Directions:
Transcribe, word for word, every line from the one containing "Ox-eye Daisy (Leucanthemum vulgare)" through the final line of the records, and omit the pictures.

*** Opening Provided data ***

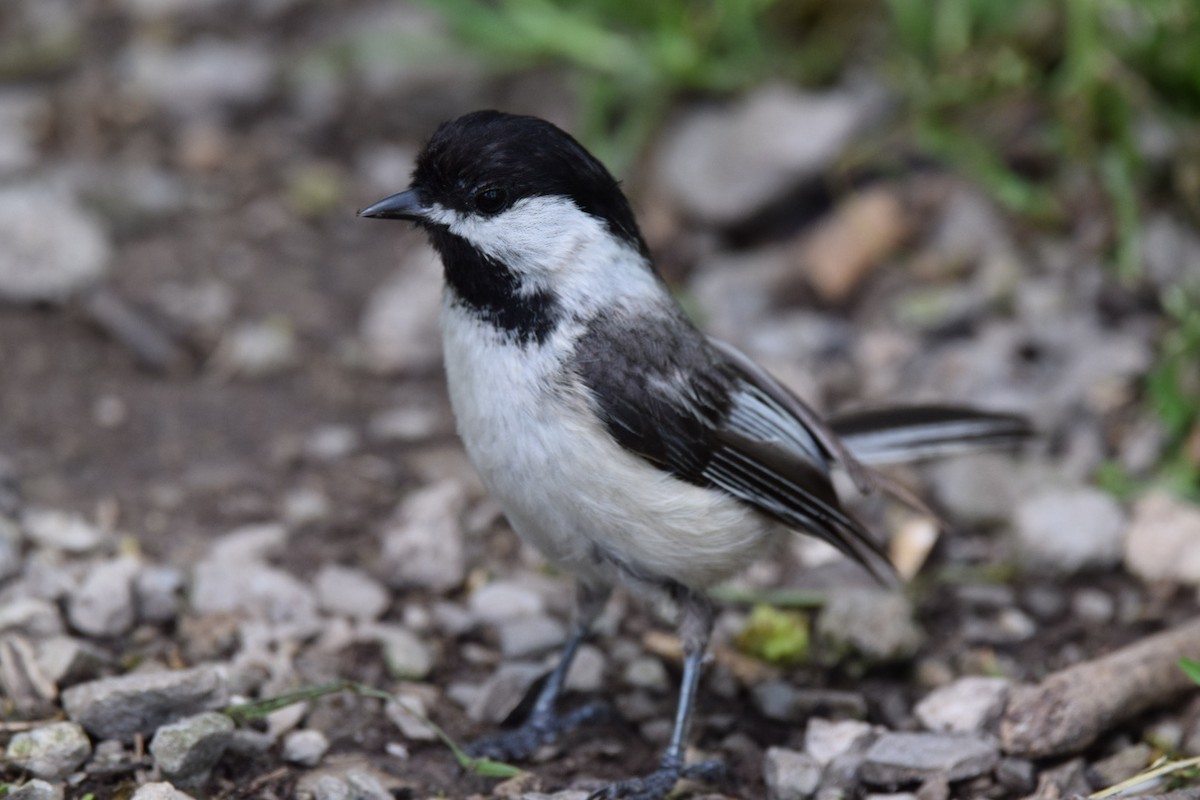 Black-capped Chickadee - ML621828192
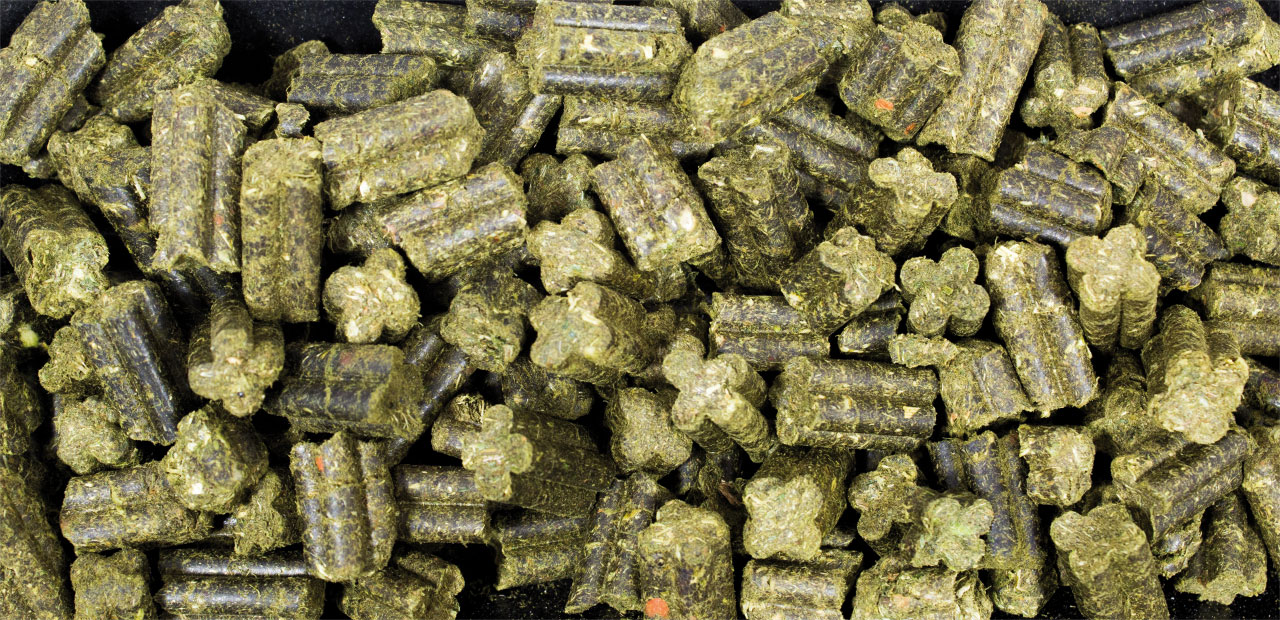 JR Farm - Grainless Complete Zwergkaninchen - 1 x 1350g - 3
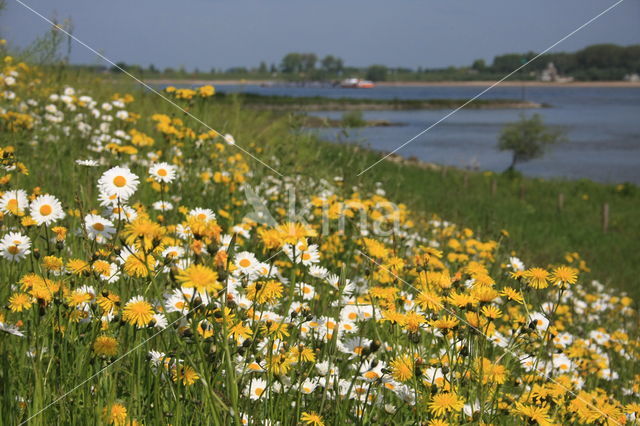 Ox-eye Daisy (Leucanthemum vulgare)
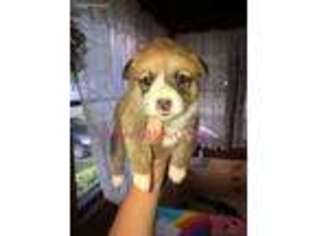 Pembroke Welsh Corgi Puppy for sale in Des Moines, IA, USA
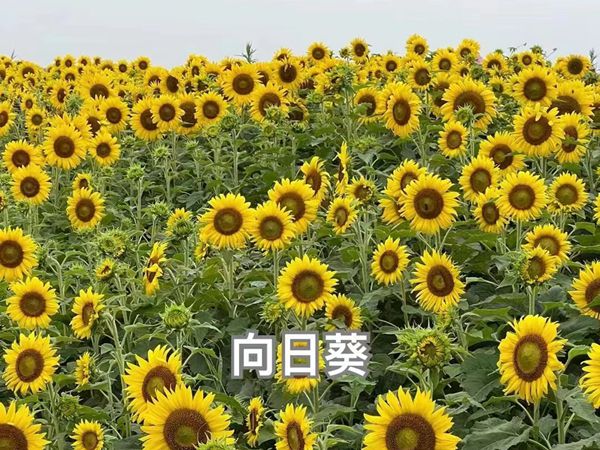 野花組合18.jpg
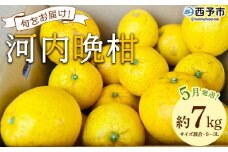 ＜《5月発送》旬をお届け！河内晩柑 約7kg＞ みかん ミカン 蜜柑 果物 柑橘類 果実 オレンジ フルーツ かわちばんかん カワチバンカン 15～20個前後 特産品 国産 明浜産 二ノ宮商事 愛媛県 西予市【常温】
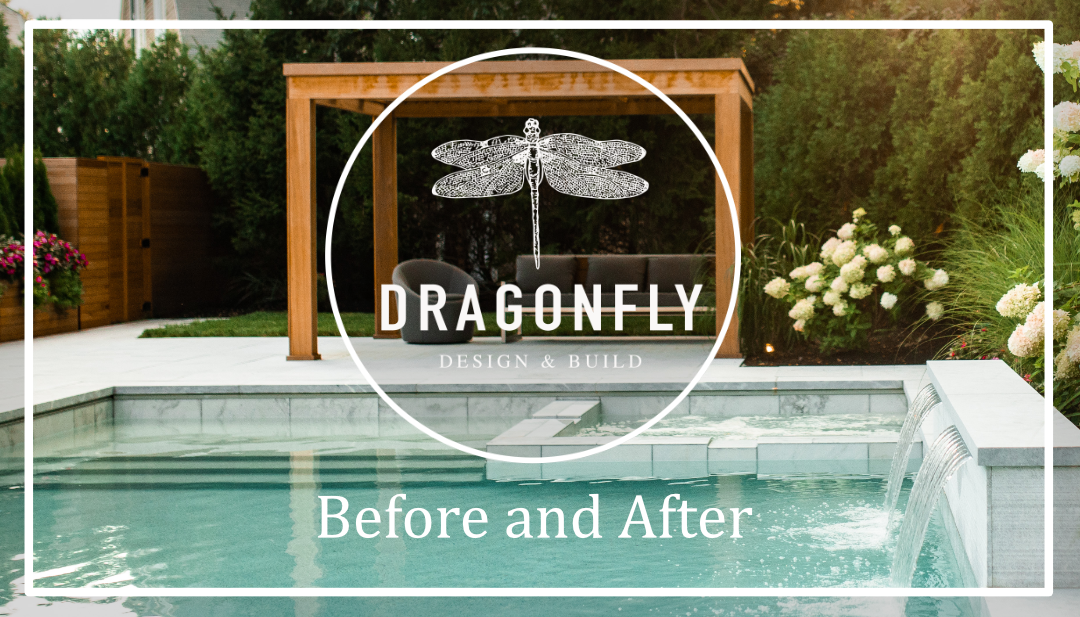 Dragonfly Design And Build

*** Closing Provided data ***

Expected answer:
 Ox-eye Daisy (Leucanthemum vulgare)
 Pembroke Welsh Corgi Puppy for sale in Des Moines, IA, USA
 野花組合18.jpg
 ＜《5月発送》旬をお届け！河内晩柑 約7kg＞ みかん ミカン 蜜柑 果物 柑橘類 果実 オレンジ フルーツ かわちばんかん カワチバンカン 15～20個前後 特産品 国産 明浜産 二ノ宮商事 愛媛県 西予市【常温】
 Dragonfly Design And Build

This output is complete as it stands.